A bipartisan majority of Americans oppose US taxpayers footing the bill when bad management causes a bank to fail, though Republican opposition to bank bailouts has softened over the last decade, a Reuters/Ipsos poll completed on Wednesday found.

The poll's results point to a potential political problem for Democratic President Joe Biden's administration should the signs of shakiness in the US banking sector worsen and prompt more aggressive government action.

The two-day Reuters/Ipsos poll found 84 per cent of respondents - including strong majorities of Republicans and Democrats - think taxpayers should not have to pay to resolve problems caused by irresponsible bank management.

Stock markets have swooned around the world since Silicon Valley Bank collapsed on Friday as worried customers pulled their deposits. Two days later, New York's Signature Bank closed. On Wednesday, US stocks fell sharply as turbulence at Swiss banking giant Credit Suisse revived fears of a new banking crisis.

Banks have been stressed in recent months by rising interest rates, which reduce demand for borrowing money. In a series of moves telegraphed in advance to investors, the US Federal Reserve, America's central bank, has pushed interest rates higher over the last year in a bid to tame inflation.

Only 49 per cent of Americans - 40 per cent of Republicans and 55 per cent of Democrats - said they favoured government bailouts of financial institutions.

Still, support for bailouts was even more tepid a decade earlier, when the United States was emerging from a financial crisis which the government fought by spending hundreds of billions of dollars on bank bailouts. In a 2012 Reuters/Ipsos poll, only 20 per cent of Republicans and 53 per cent of Democrats said they supported bailouts.

About half of respondents to the Reuters/Ipsos poll said they had heard at least a fair amount about Silicon Valley Bank's implosion.

Sixty-eight percent said they had at least a fair amount of confidence in the stability of their own bank, and the same percentage had at least that level of confidence in banks more generally.

Some 77 per cent of respondents said that shareholders and executives who profited from a bank in the days before it failed should have to return those funds to depositors.

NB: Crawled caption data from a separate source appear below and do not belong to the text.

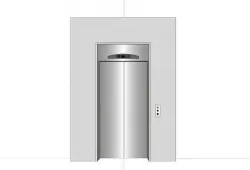 elevator 3D model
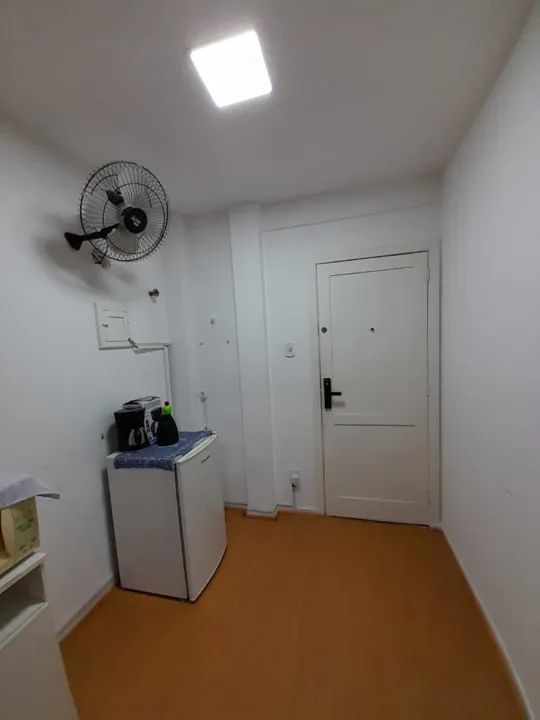 Ótima sala com 2 ambientes e banheiro no Méier - Foto 5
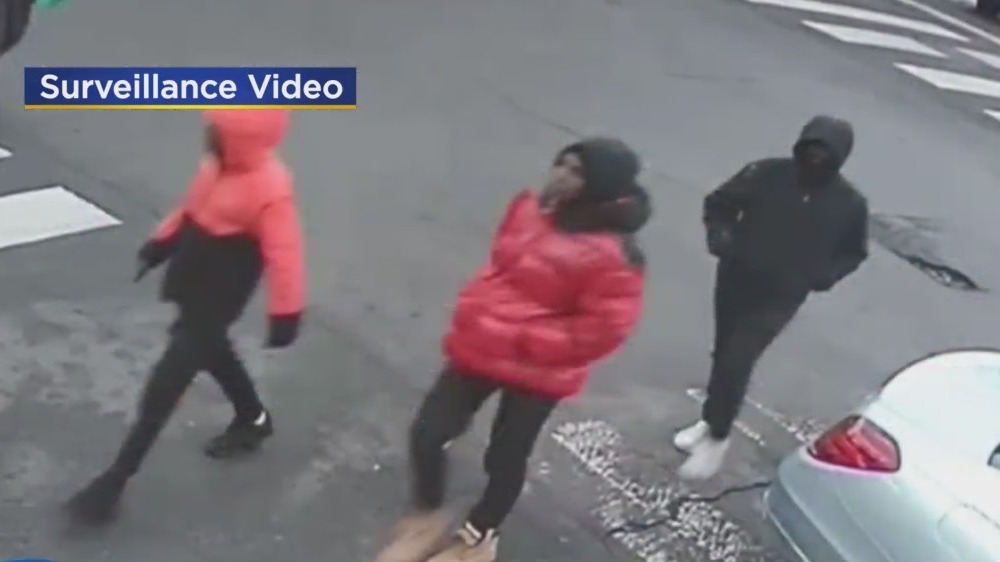 Police Searching For 3 Suspects In Connection To Attempted Carjacking In West Philadelphia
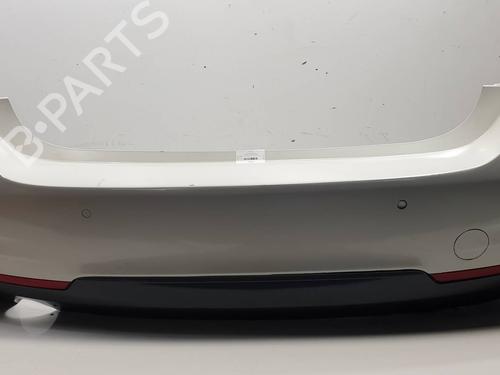 Bak støtfanger Bak støtfanger BMW 4 Coupe (F32, F82) 420 d (184 hp) 34516692 34516692
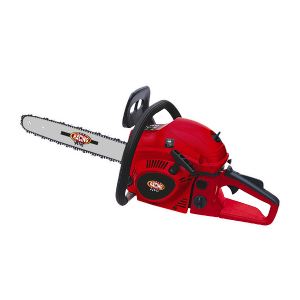 Petrol chainsaw 46 cm³ 45 cm - Guide and chain Racing - recoil start RAC4545PCS SWAP-europe.com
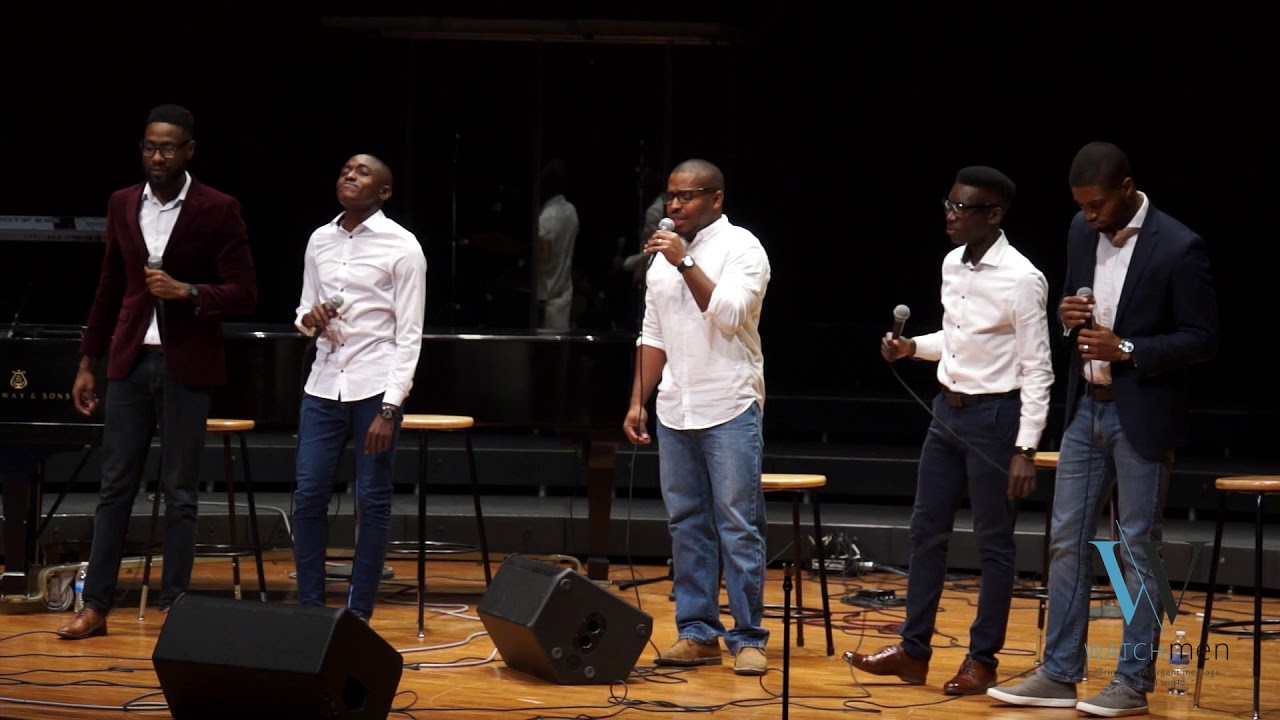 Watchmen - I've Got The Spirit (Cover)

US regulators promised to make whole all depositors at Silicon Valley Bank and Signature Bank, even those with accounts above the Federal Deposit Insurance Corp's standard $250,000 limit, without taxpayers having to cover any costs. Businesses make up many of the bank clients whose money had not been previously guaranteed by the government.

The Reuters/Ipsos poll showed broad bipartisan support for Washington backing bank deposits. Seventy-eight per cent of respondents said the government should guarantee the deposits of individuals and 70 per cent said Washington should backstop company deposits.

But a strong bipartisan majority also said depositors in banks should understand the risk of using a bank to make deposits outside of FDIC limits.

Some experts say the more expansive deposit guarantees regulators are applying for the troubled banks already amount to a bailout because they remove people's incentive to guard against financial risk.

The Reuters/Ipsos poll, conducted online, surveyed 1,004 people nationwide and had a credibility interval of about 4 percentage points in either direction.